» TASK INSTRUCTIONS
From the listing below, give again exactly the lines from the line with "925 Sterling Silver" to the line with "Canapé-lit extensible - lit", ends included, without any pictures.

» EXERCISE INPUTS
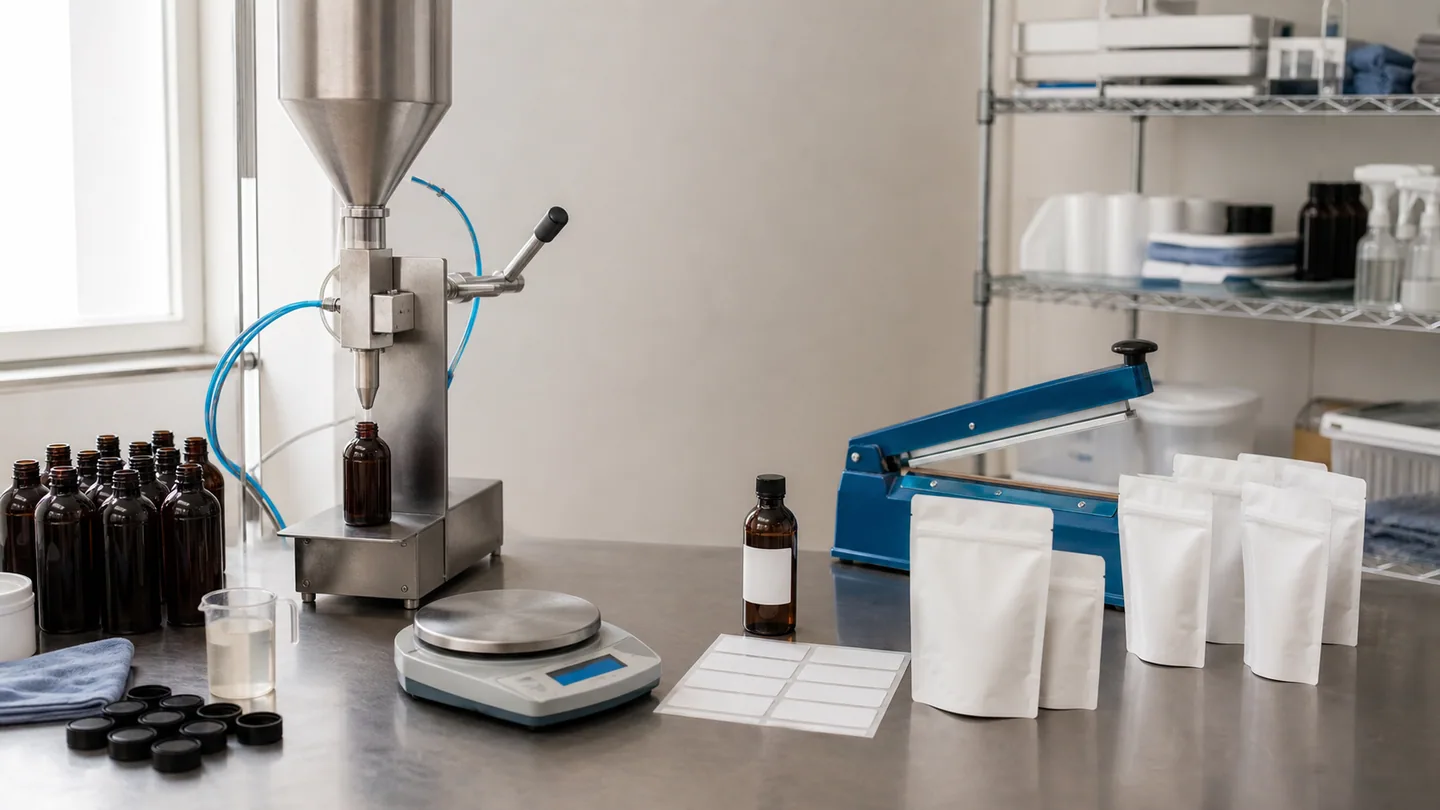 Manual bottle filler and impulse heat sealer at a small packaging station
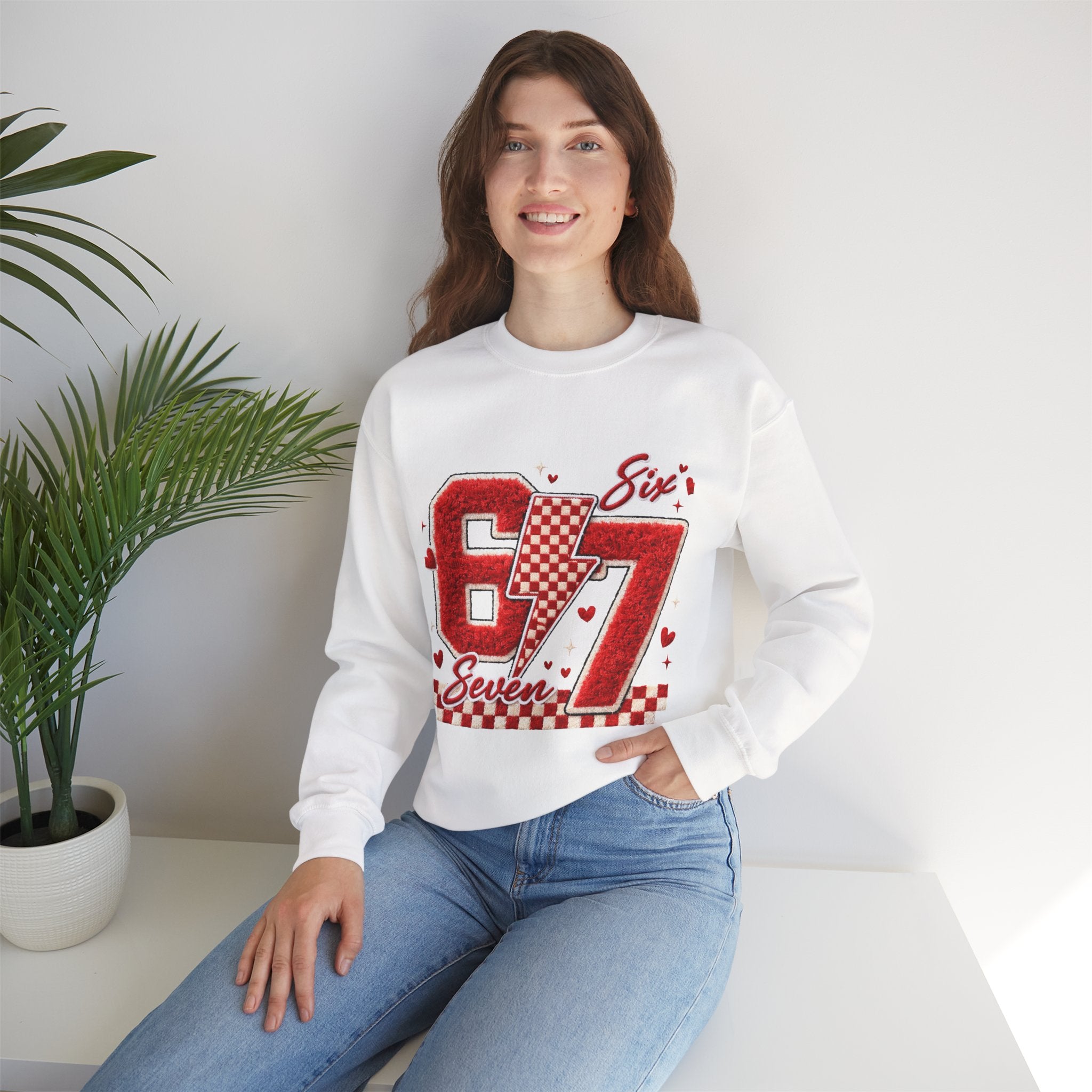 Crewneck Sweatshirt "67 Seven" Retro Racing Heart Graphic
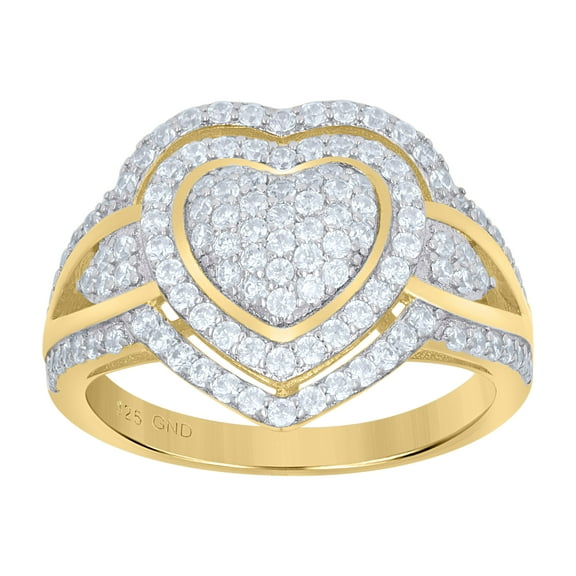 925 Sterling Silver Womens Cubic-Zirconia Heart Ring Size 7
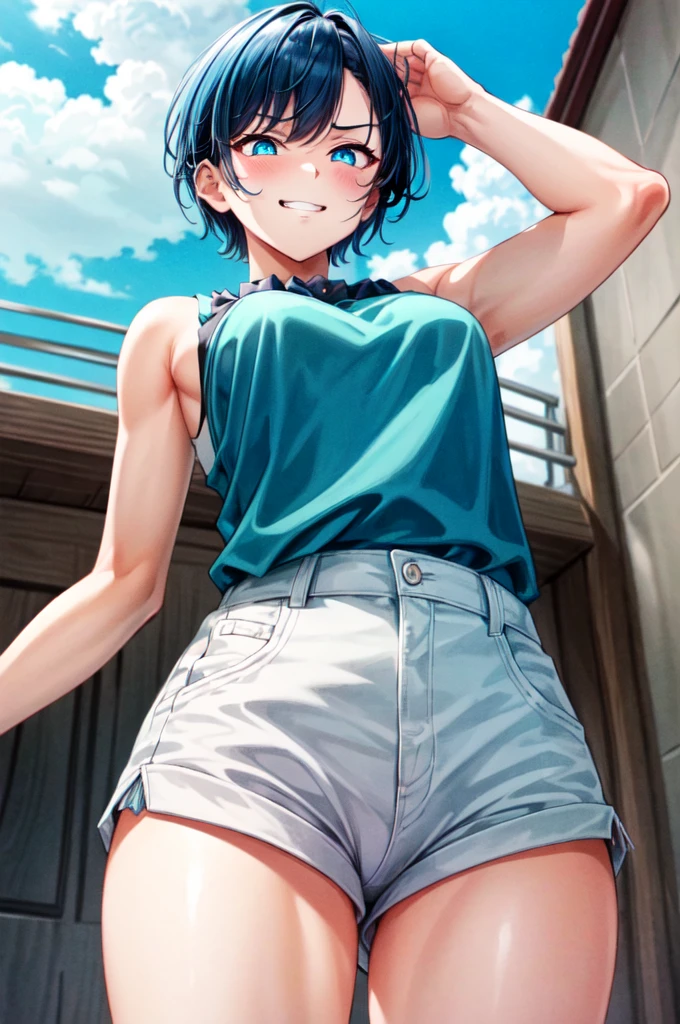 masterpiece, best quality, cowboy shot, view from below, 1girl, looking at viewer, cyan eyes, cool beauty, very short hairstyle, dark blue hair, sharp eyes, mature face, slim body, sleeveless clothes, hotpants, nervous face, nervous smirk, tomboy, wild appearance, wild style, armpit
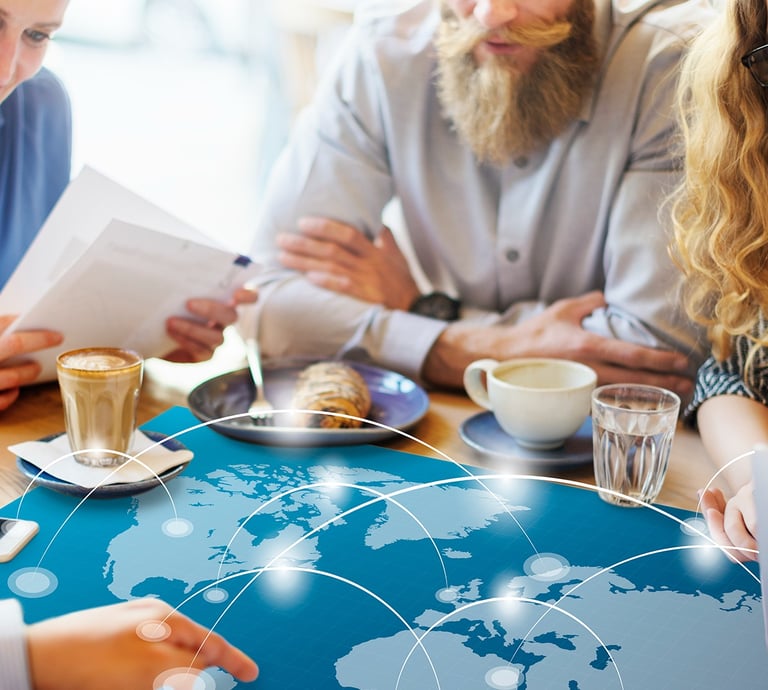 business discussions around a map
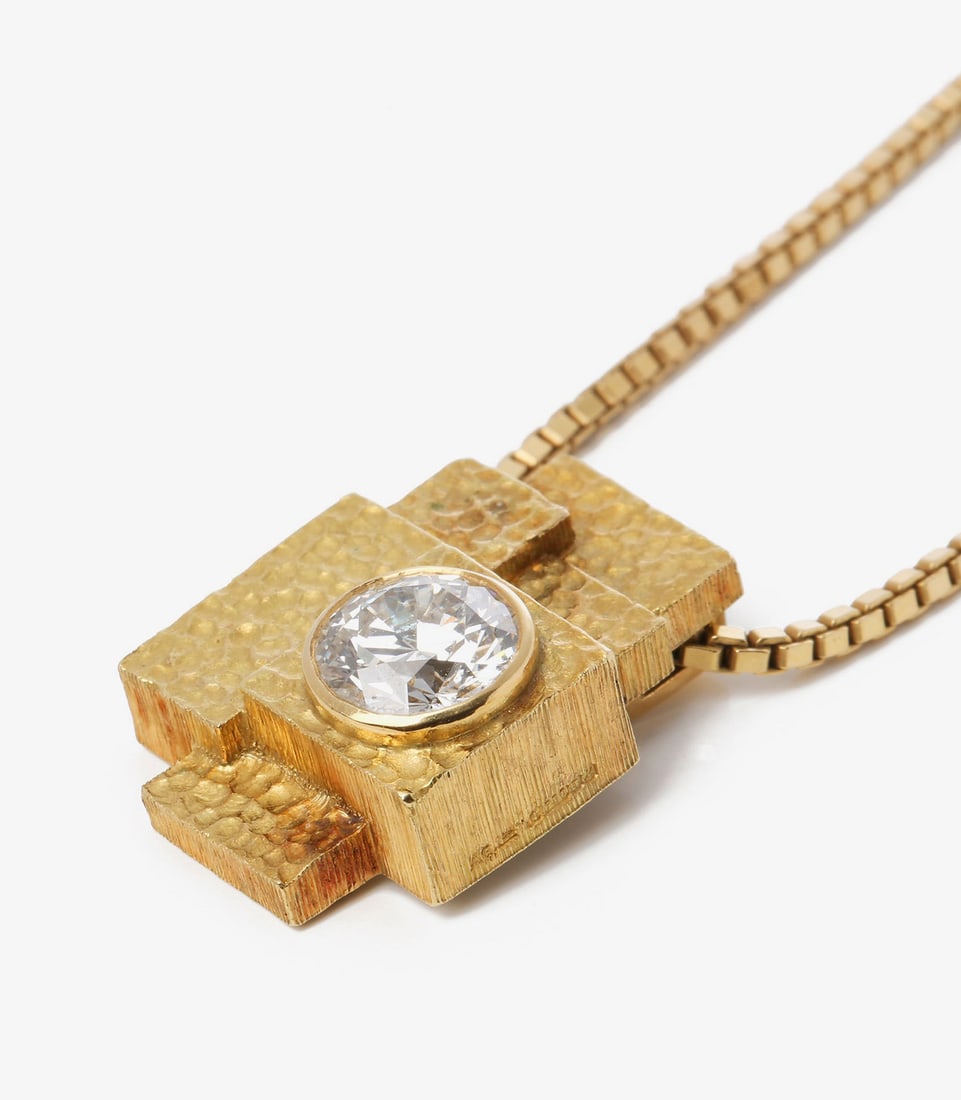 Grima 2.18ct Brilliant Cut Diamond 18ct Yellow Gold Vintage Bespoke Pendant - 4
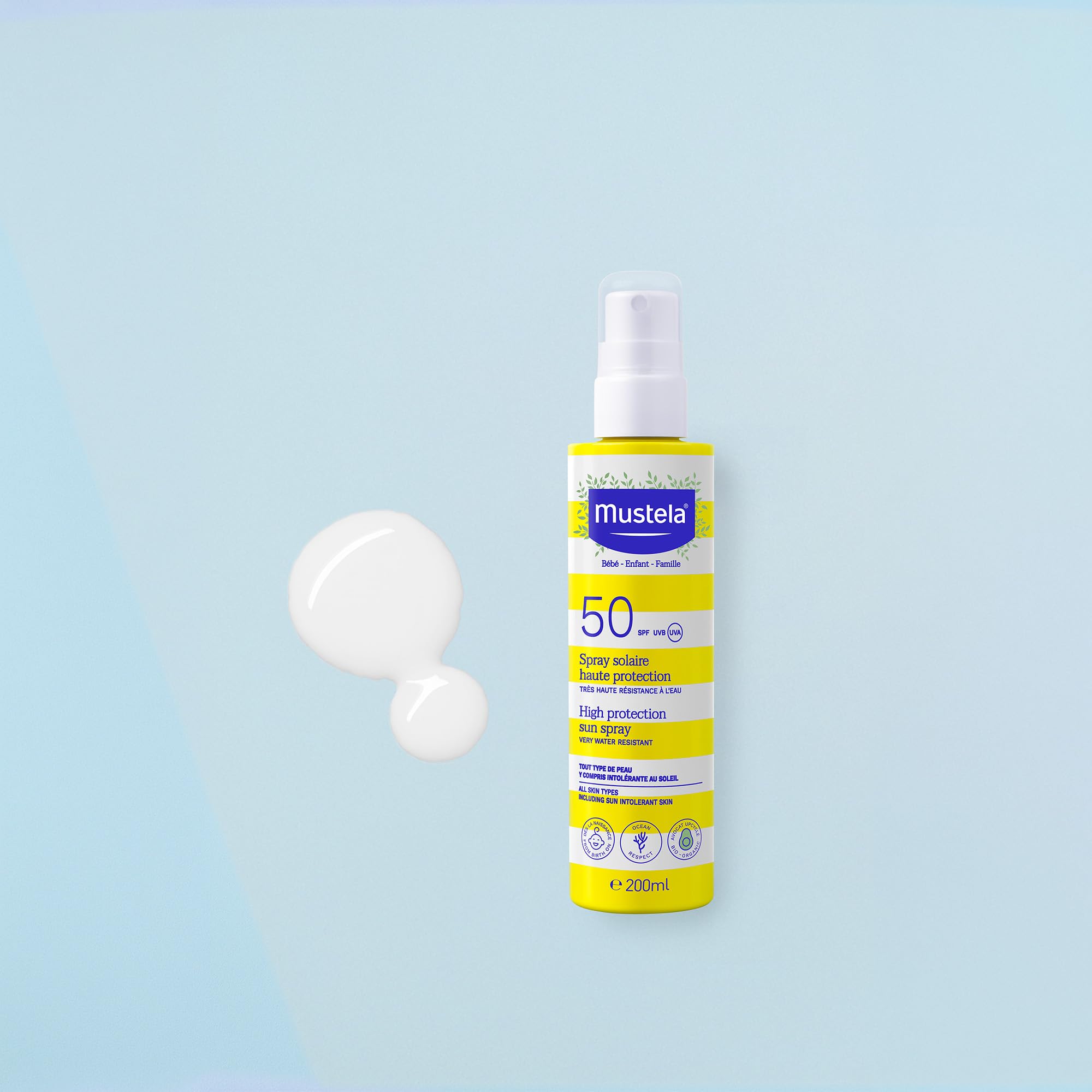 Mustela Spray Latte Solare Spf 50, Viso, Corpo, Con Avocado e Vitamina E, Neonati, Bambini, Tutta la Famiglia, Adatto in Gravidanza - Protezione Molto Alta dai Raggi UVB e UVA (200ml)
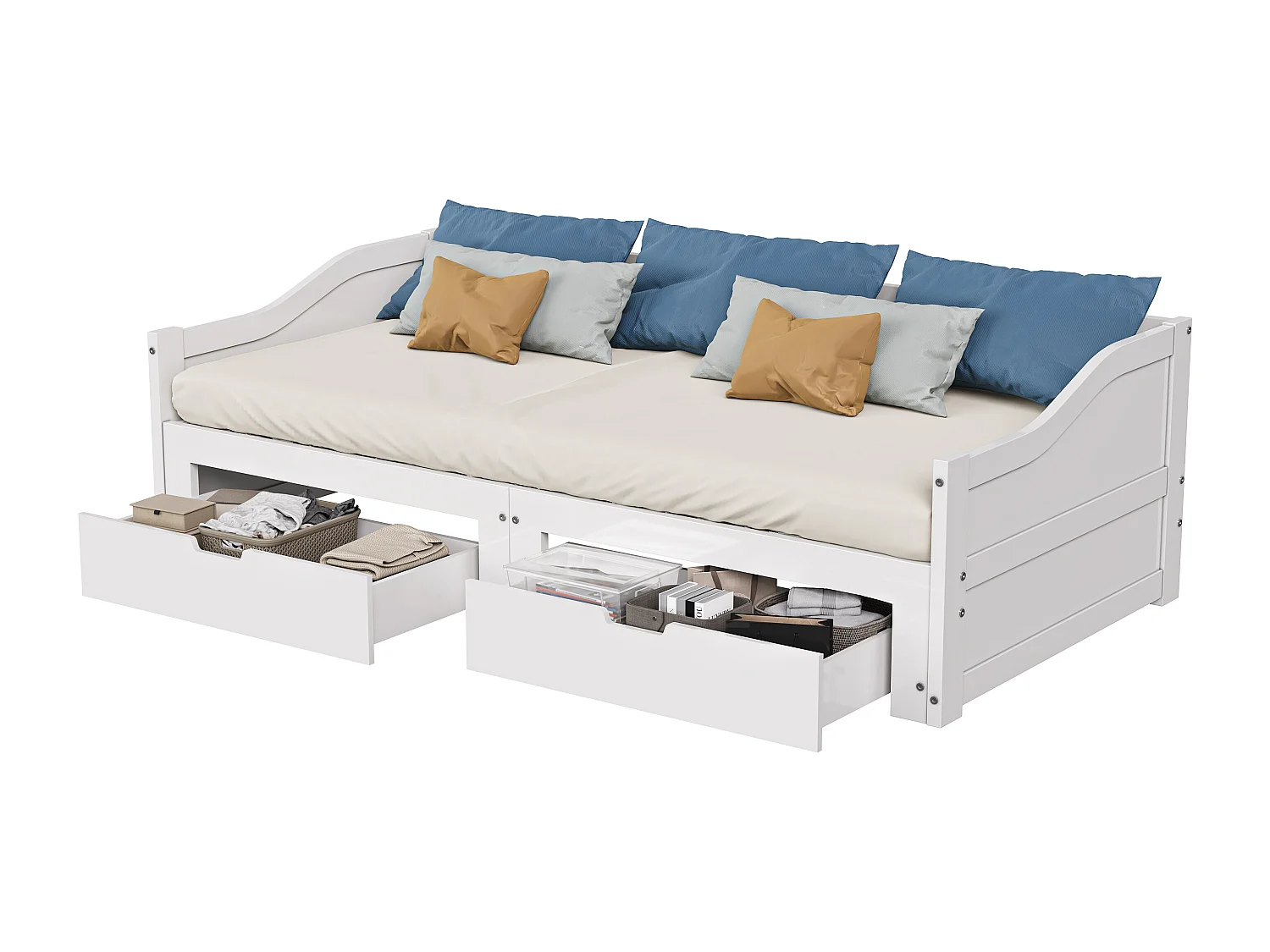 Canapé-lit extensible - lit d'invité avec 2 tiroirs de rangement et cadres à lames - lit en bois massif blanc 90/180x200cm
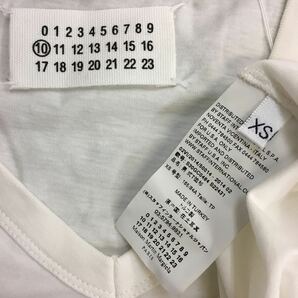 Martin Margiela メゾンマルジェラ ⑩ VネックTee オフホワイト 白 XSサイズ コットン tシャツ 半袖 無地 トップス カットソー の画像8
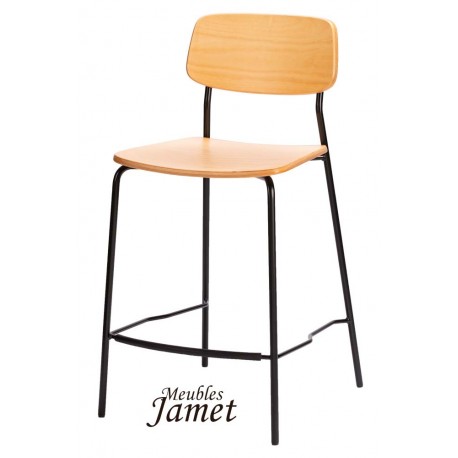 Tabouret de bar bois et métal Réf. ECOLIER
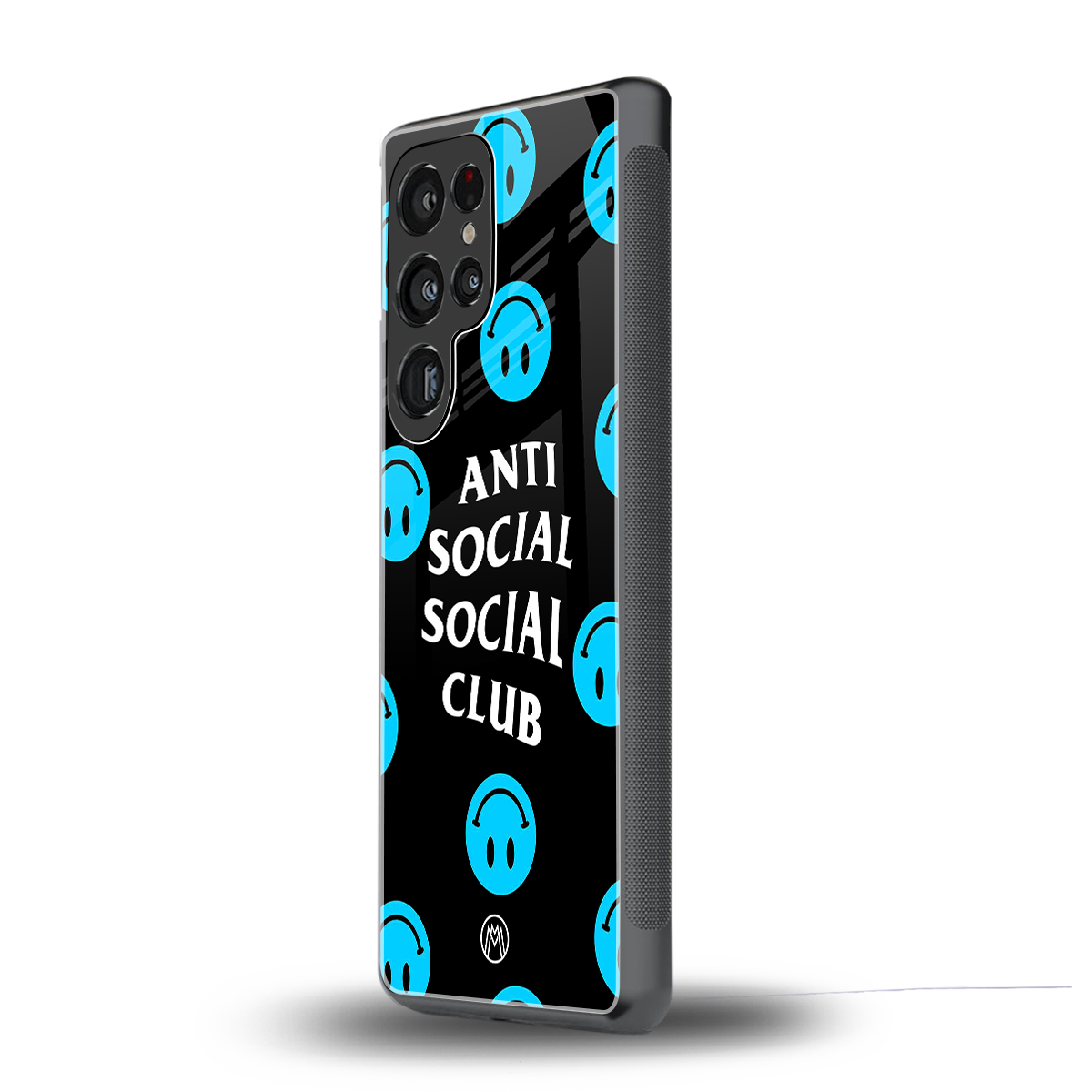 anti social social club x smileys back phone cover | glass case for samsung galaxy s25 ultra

» ANSWER FOR THE TASK
 925 Sterling Silver Womens Cubic-Zirconia Heart Ring Size 7
 masterpiece, best quality, cowboy shot, view from below, 1girl, looking at viewer, cyan eyes, cool beauty, very short hairstyle, dark blue hair, sharp eyes, mature face, slim body, sleeveless clothes, hotpants, nervous face, nervous smirk, tomboy, wild appearance, wild style, armpit
 business discussions around a map
 Grima 2.18ct Brilliant Cut Diamond 18ct Yellow Gold Vintage Bespoke Pendant - 4
 Mustela Spray Latte Solare Spf 50, Viso, Corpo, Con Avocado e Vitamina E, Neonati, Bambini, Tutta la Famiglia, Adatto in Gravidanza - Protezione Molto Alta dai Raggi UVB e UVA (200ml)
 Canapé-lit extensible - lit d'invité avec 2 tiroirs de rangement et cadres à lames - lit en bois massif blanc 90/180x200cm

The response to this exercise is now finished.